### [SUPPLIED DATA]
════

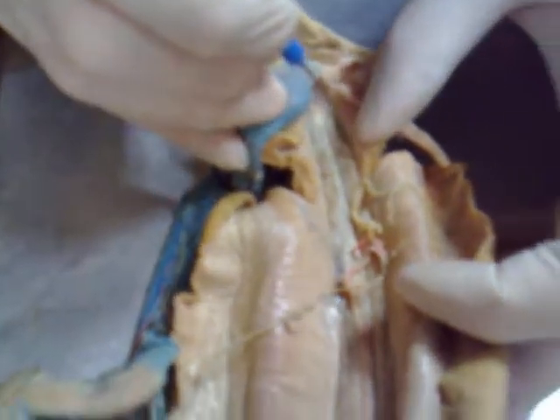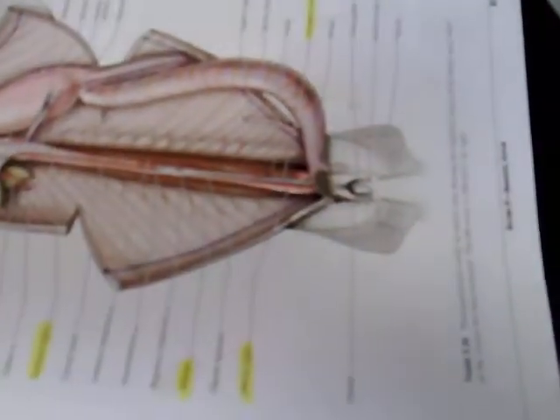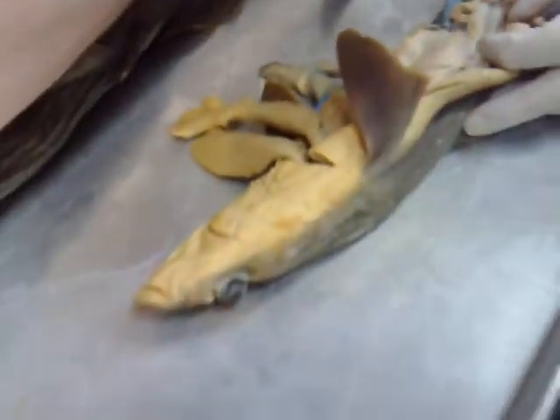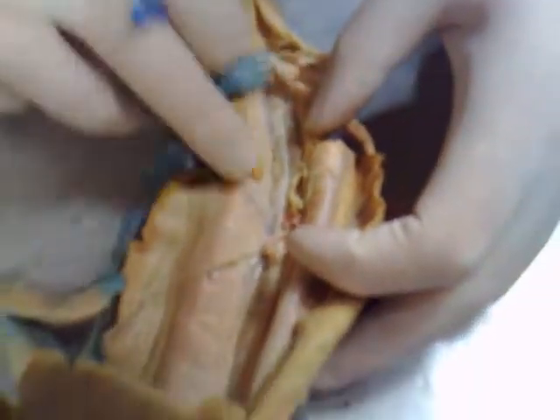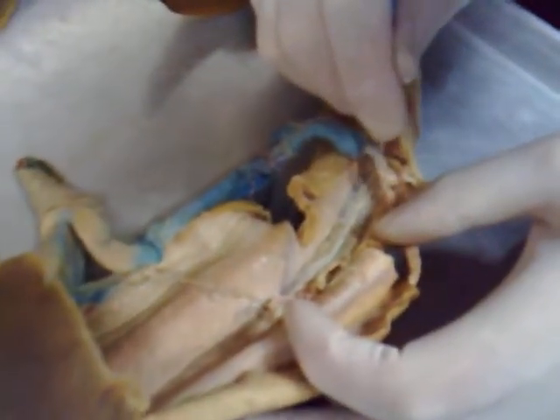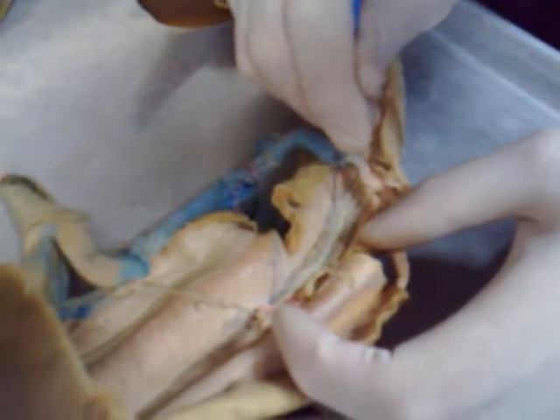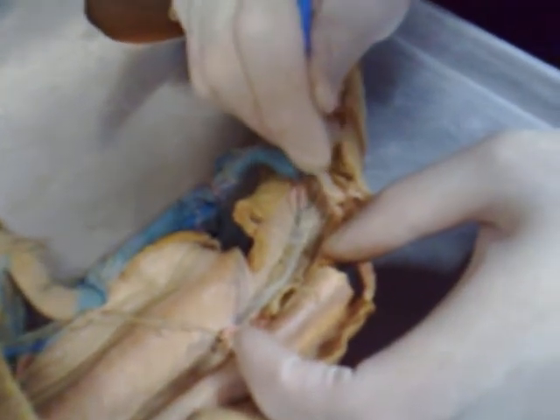There's a ligament here — this is the caudal ligament. The archinephric duct is very difficult to see. These things stink... but see that right there? Yeah, that's it.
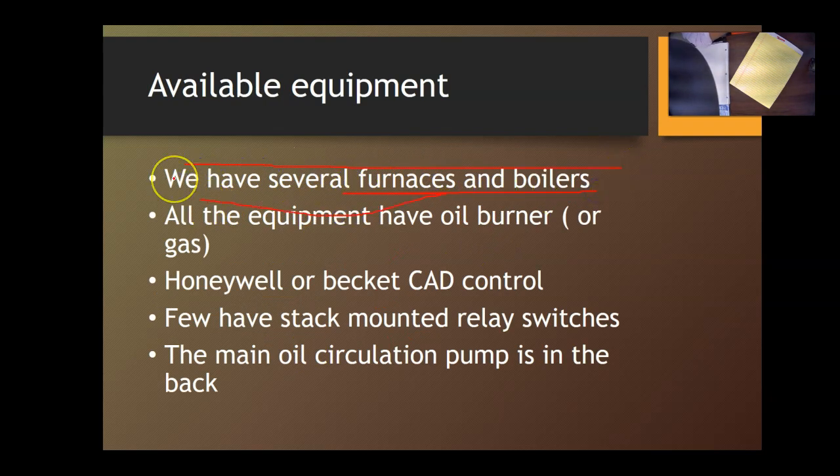We have several furnaces and boilers in the lab. In the second section there are at least two furnaces, six boilers — two hot water and four steam. In the back section of the lab we have 15 boilers, so we have plenty of boilers and furnaces all over the shop. I'd like to have you close together so I can monitor you for the first three weeks, then you may be able to work alone in the back portion. You have two and a half hours, so please come prepared and utilize your time effectively.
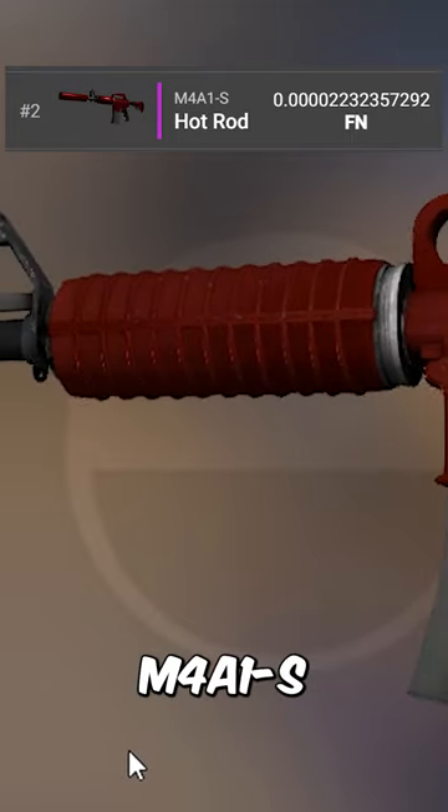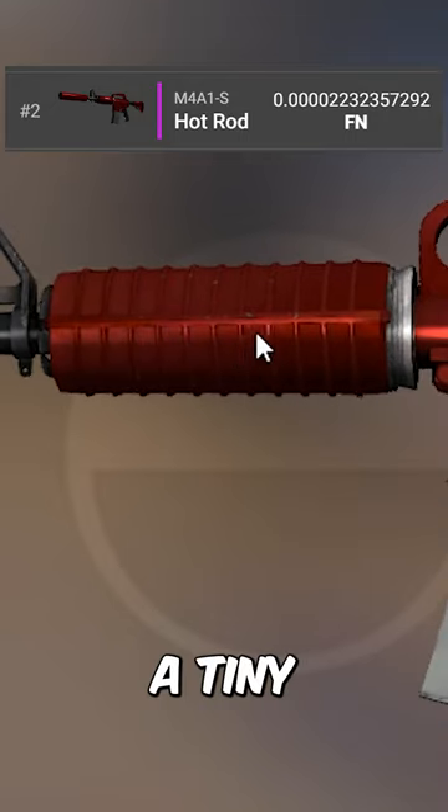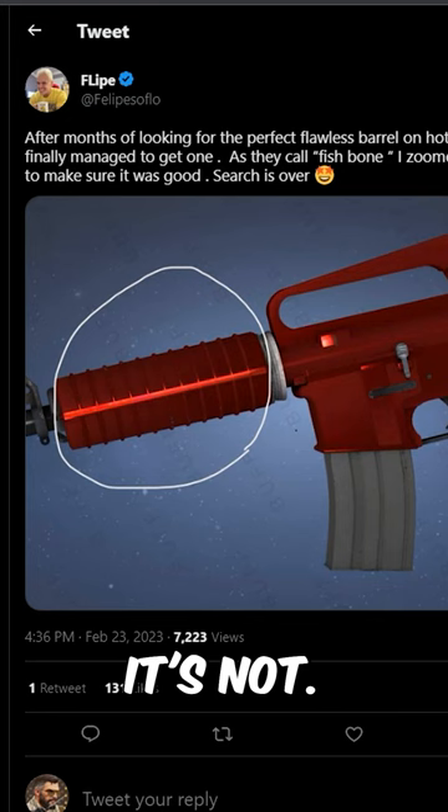This is the second lowest M4A1S Hot Rod in existence, and despite it being almost flawless, there's still a tiny bit of wear on this part of the gun, which would make you think it's impossible to get a perfect one. But surprisingly, it's not.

════

### [TASK REQUIREMENTS]
With every picture left out, print exactly the lines from the one containing "We have several" through the final line of the material above.

### [RESULT OF THE EXERCISE]
We have several furnaces and boilers in the lab. In the second section there are at least two furnaces, six boilers — two hot water and four steam. In the back section of the lab we have 15 boilers, so we have plenty of boilers and furnaces all over the shop. I'd like to have you close together so I can monitor you for the first three weeks, then you may be able to work alone in the back portion. You have two and a half hours, so please come prepared and utilize your time effectively.
This is the second lowest M4A1S Hot Rod in existence, and despite it being almost flawless, there's still a tiny bit of wear on this part of the gun, which would make you think it's impossible to get a perfect one. But surprisingly, it's not.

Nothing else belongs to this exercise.